Our Travel Stories

Quarantined on board ship!

This week hasn’t been the best, Cameron got struck down with the flu and was VERY poorly for 48hrs, but thankfully as many kids do he has now bounced up as quickly as he went down.

Released from quarantine and heading straight for ice cream!

When we arrived in the port of Moorea, Tahiti a few days ago he was quite hot and off colour in the morning but I didn’t think it was anything major to worry about. I took the first course of action that most parents do when their kids are running a temperature and gave him a couple of spoonfuls of paracetamol. We were due to do a dolphin watching expedition in the afternoon and he had been really looking forward to it. Had it been a more active excursion then I probably would have cancelled it but I said to him “all you have to do is sit down on a boat and look out for dolphins” so he was happy to still go.

When we got on the boat all he wanted to do was curl up and go to sleep. We saw several large pods of dolphins and I know under any other circumstance he would have been shrieking with delight, but this time he didn’t even lift his head of the seat to catch a glimpse.

We later stopped to get off the boat for a swim with stingrays and black tipped sharks, he had done this 3 days earlier in Bora Bora and LOVED it, I also thought the water might cool him down a bit, but no, all he wanted to to was sleep.

The dolphin expedition was absolutely fabulous as we had a dolphin & whale biologist on board with us and what he didn’t know about these creatures isn’t worth knowing! I was therefore sad that Cameron was too out of it to enjoy it and by the time we got back to the ship he just crawled up into a ball on the bed and went to sleep.

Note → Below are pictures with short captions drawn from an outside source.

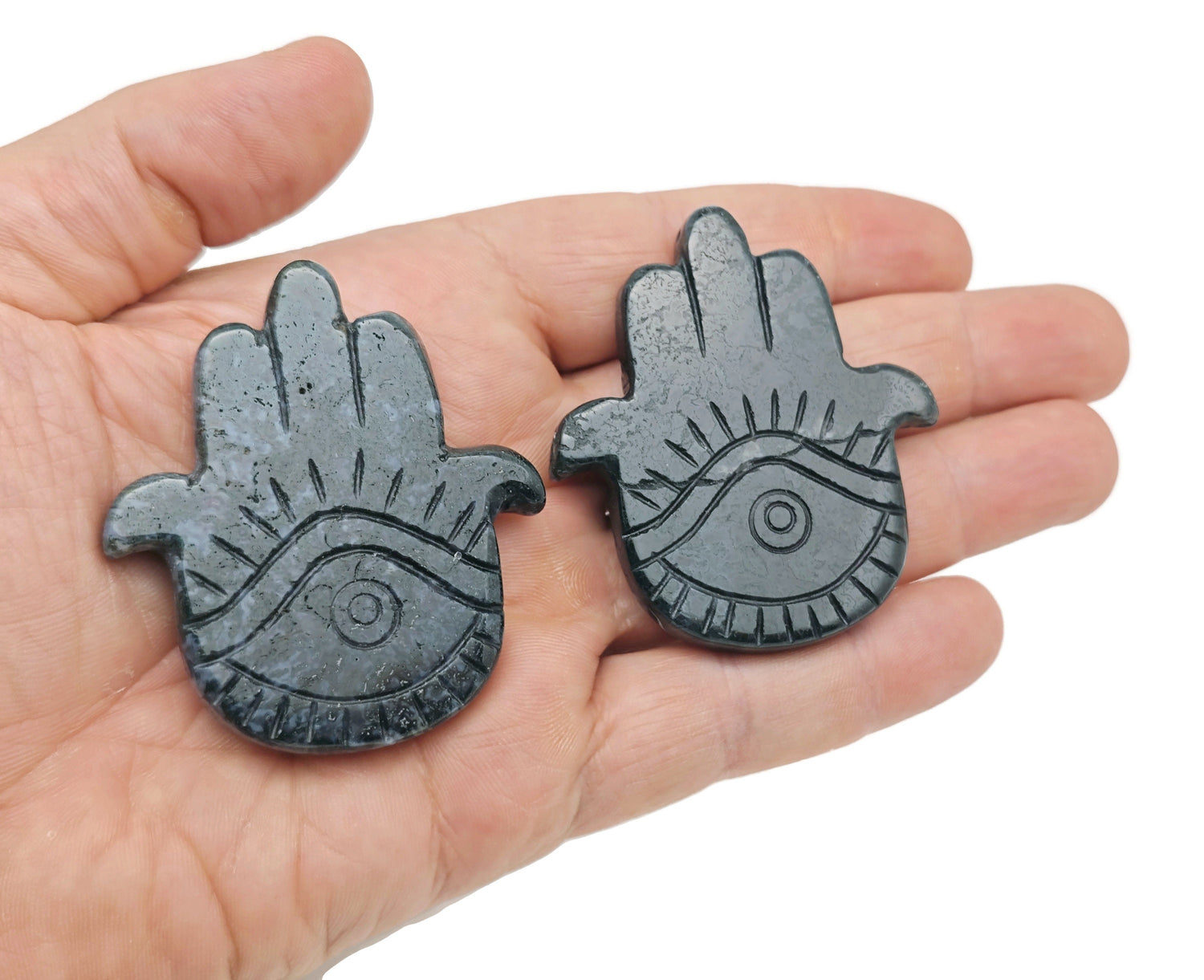 Moss agate evil eye hand gemstone carving with intricate details, crafted by GemstoneGO, showcasing natural stone patterns.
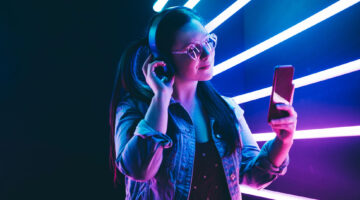 Sillhoutte of hip-hop girl with headphones at the neon light. Fashion portrait of modern young woman making selfie.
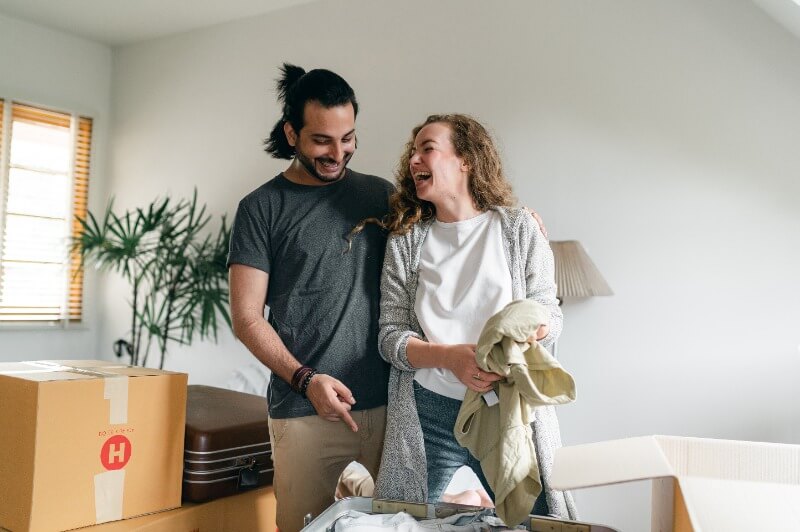 excited-couple-unpacking-boxes-in-new-apartment-4245903 moving in together LOW RES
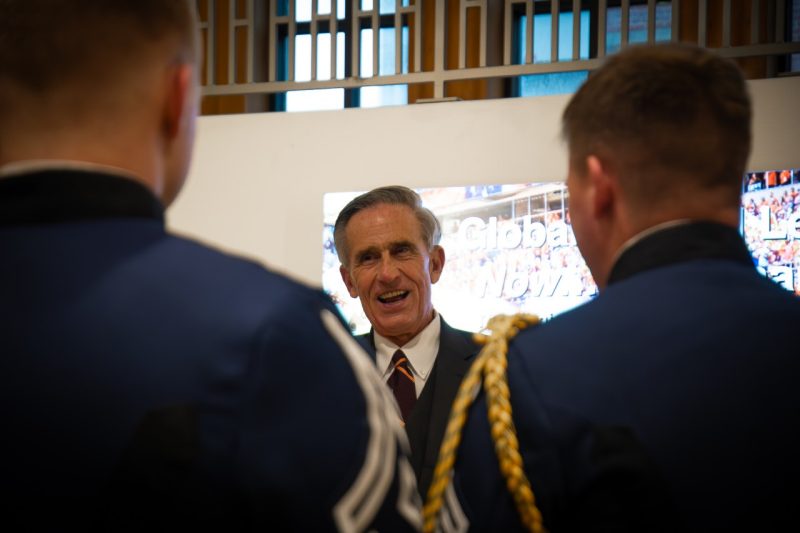 Two cadets face away from the camera toward Rocovich who is smiling and talking to the cadets facing them and the camera.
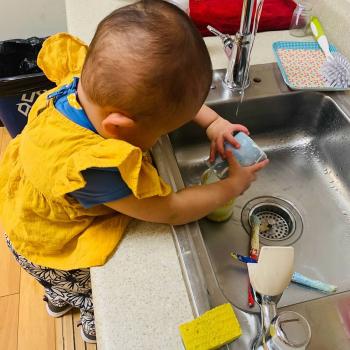 Toddler independently cleaning at Lifetime Montessori School 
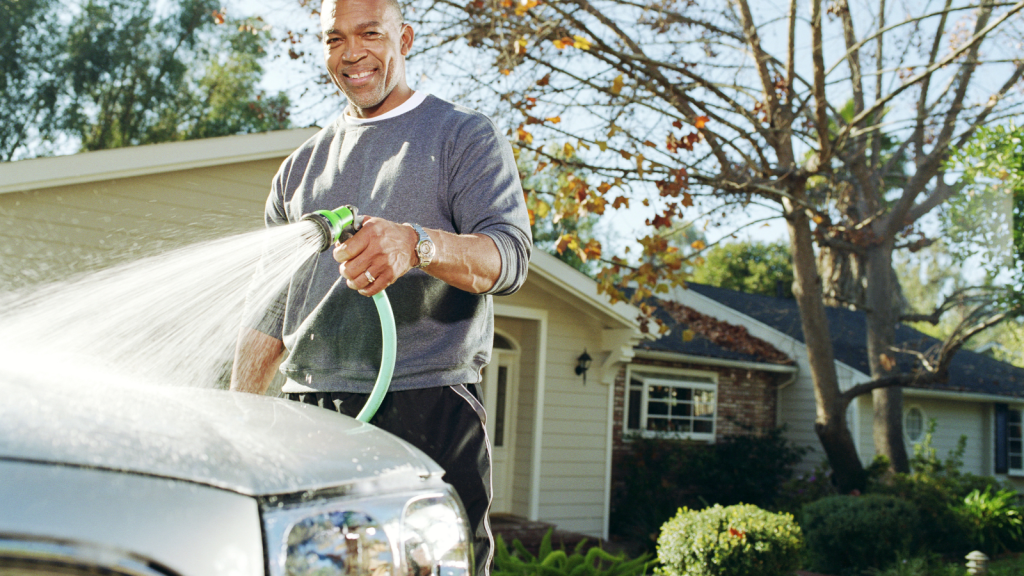 He Tried To Help A Neighbor By Lending Her A Spare Vehicle, Yet The Favor Backfired When She Began Acting Entitled To His Better Car man cleaning car in driveway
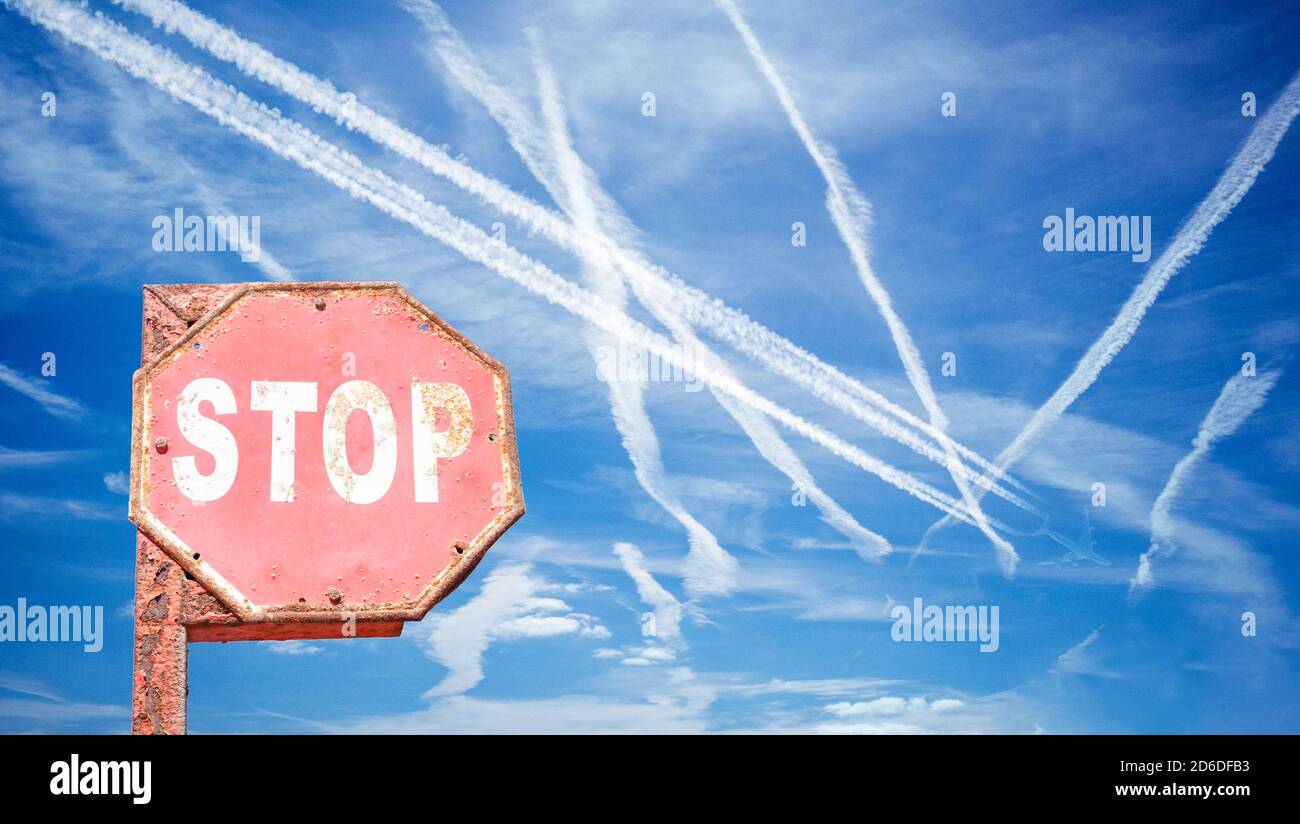 L'avion s'oppose au ciel bleu avec un panneau stop au premier plan. Réchauffement climatique, pollution de l'air..., concept. Banque D'Images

I hoped that a good nights rest would do him good and all would be well by morning. By 8am the next morning he had slept solidly for 16 hrs and not stirred, I could also feel by touching him that he was burning hot, and I mean burning!

I tried to wake him but I couldn’t raise him, I was gently shaking him and physically trying to open his eyes only to see his eyeballs rolling into the back of his head.

I was silently panicking by this stage and immediately rang the medical emergency number. Within about 2 minutes there was a steward at the door with a wheelchair ready to take him down to the medical centre which turned out to be almost directly below our cabin.

I cannot praise the medical centre team highly enough, they were all AMAZING and I immediately knew we were in safe hands. The nurses did the initial observations on him and then within minutes a lovely doctor ‘Dr Sandra’ was giving him a thorough examination. She then took me to one side and told me that they needed to get him on a drip asap and also take bloods to find out what was going on.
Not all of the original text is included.